Partner Content
This content was paid for by Henkel and produced in partnership with the Financial Times Commercial department.

Q&A: “If we don't fail, it means we are not trying hard enough”

In what ways has Covid-19 affected how you innovate?

The crisis has accelerated the impact that digital transformation is having on our processes. It has led to a significant advance in the topic of remote working. It was an enormous push.

Usually, a lot of innovation processes happen hands-on, inside a laboratory where people are developing and testing new chemicals – you couldn’t do this in your home office. But because of Covid-19, we had to adapt rapidly and think, ‘How can we use a distributed workforce?’ Today, digital tools enable our scientists to develop next-generation formulations remotely, in their own homes. For instance, advanced analytics and artificial intelligence help them predict the material properties of formulations before they're even developed in a laboratory.

We can also assign tasks remotely into laboratories where we have essential colleagues. As a result, we have improved the way we use our assets and resources, and how we integrate data from all of our different scientists around the world.

Are digital technologies changing how you shape your innovation team?

Computers are not going to replace scientists – at least, not in the foreseeable future. But technology is great at analysing data. So, we are increasingly bringing in data scientists who can help analyse project data, which could go as far back as 20 years. This allows us to understand trends in the data and use them to better predict the future performance of projects.
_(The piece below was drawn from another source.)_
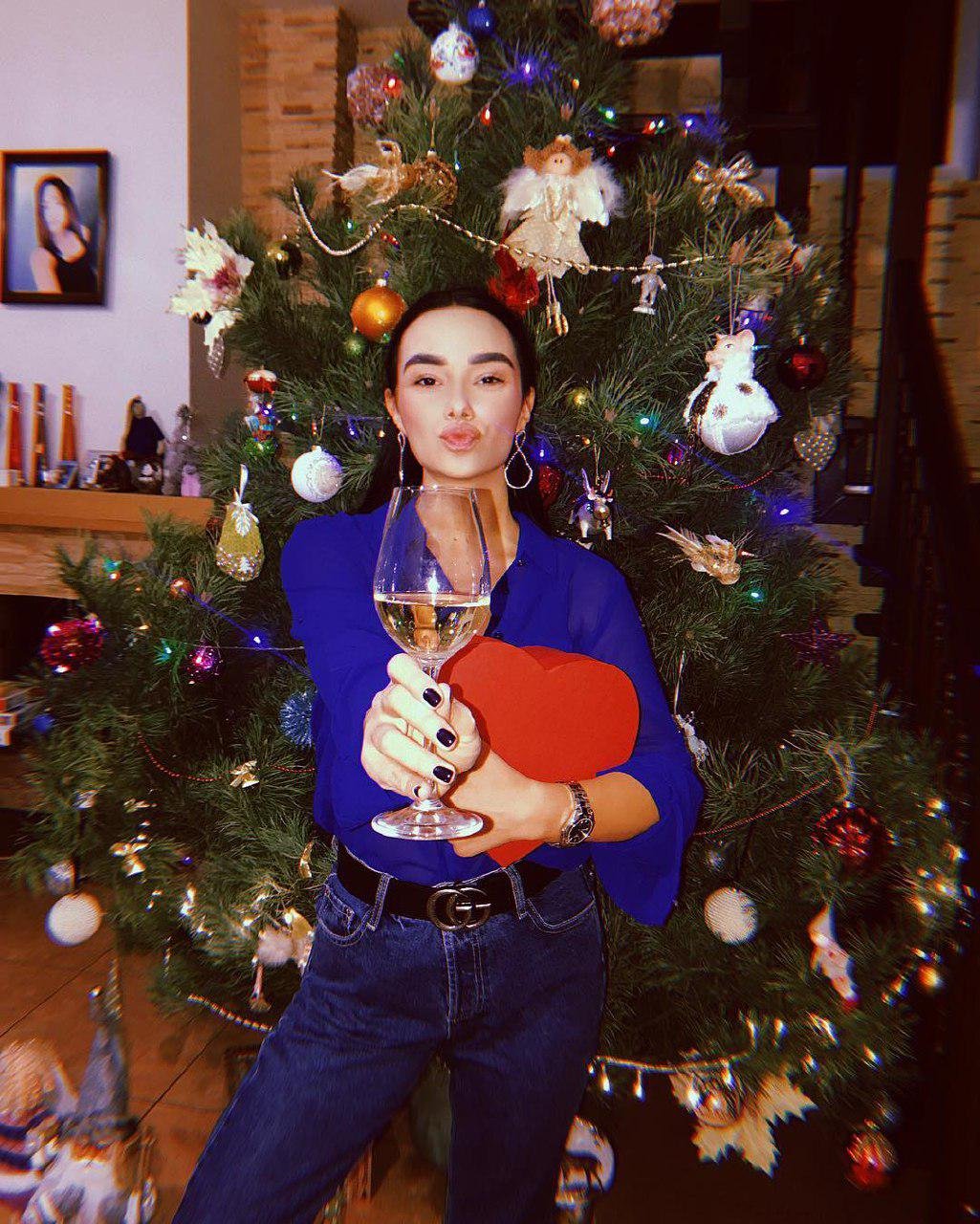 Поднимем бокалы. Фото: ganchuknastya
Technology is changing the dynamics of the team structure, but it is not replacing people. We still need to have the brightest scientists, the chemists, the materials and mechanical engineers that can help us design the materials and the processes to apply those materials.

Has there been more demand for innovations in sustainability since the onset of this crisis?

We are seeing strong customer demand for disruptive sustainable innovations. The acceleration is phenomenal, but I can't say that it is all due to Covid-19 of course. For our business, this is a real opportunity. In electronics, automotive, food packaging, diapers – in any product where our materials are being used today – there has been a strong push for recyclable materials.

A large number of the new innovation projects in our pipeline now are related either to the circular economy or to recycling, and a large part of our overall investment into research is focused on these sustainability elements.

How do you create a culture where people feel they can experiment and share ideas?

First, leaders need to set goals for the organisation that are relatively challenging. If we don't fail, it means we are not trying hard enough to do something different. So, we need to set very challenging targets for new technologies or disruptions in the market. Then leaders have to give their teams the freedom and the confidence to work towards those targets – and this is typically the hard part for managers. They have to stand back and let their teams fail, succeed and keep working towards those targets.

That is how the entrepreneurial spirit in the company is built. It is better to harness the creativity of thousands of people in our organisation by giving them that entrepreneurial spirit, than to try to find the one Steve Jobs in that group.


Is there anything you can do to overcome the risk aversion that hinders innovation?

I am a scientist, so by definition I need to be optimistic about innovation. No one says, "Let's not even try this, because I don't think we can do it." Knowing when to pull the plug and when to double down on the investment is one of our biggest challenges.

What we are doing differently today is using a lot of analytics to understand the types of projects that have the highest probability of success. We do a lot more analysis of our portfolio so we can judge whether we are making the right investments. Inevitably, some are still going to fail. But, again, if you don't have projects that fail, then you are not trying.

What are your main priorities right now?

The changing dynamics of the workforce present a challenge and an opportunity for us as a company. Millennials and young graduates, for instance, have different expectations of businesses, which is forcing us to look at our culture and understand how the motivations of our team members have changed over time and what we are doing to adapt. How do we ensure that we are creating a workplace that attracts a diverse, young talent?

And what are our values? Sustainability? Diversity? As a company, are we positioning ourselves to attract people that have the right expectations of those values?

It is a constant challenge for us, as leaders, to answer these questions. I think we are doing good a job, but it is something we have to challenge ourselves on every day.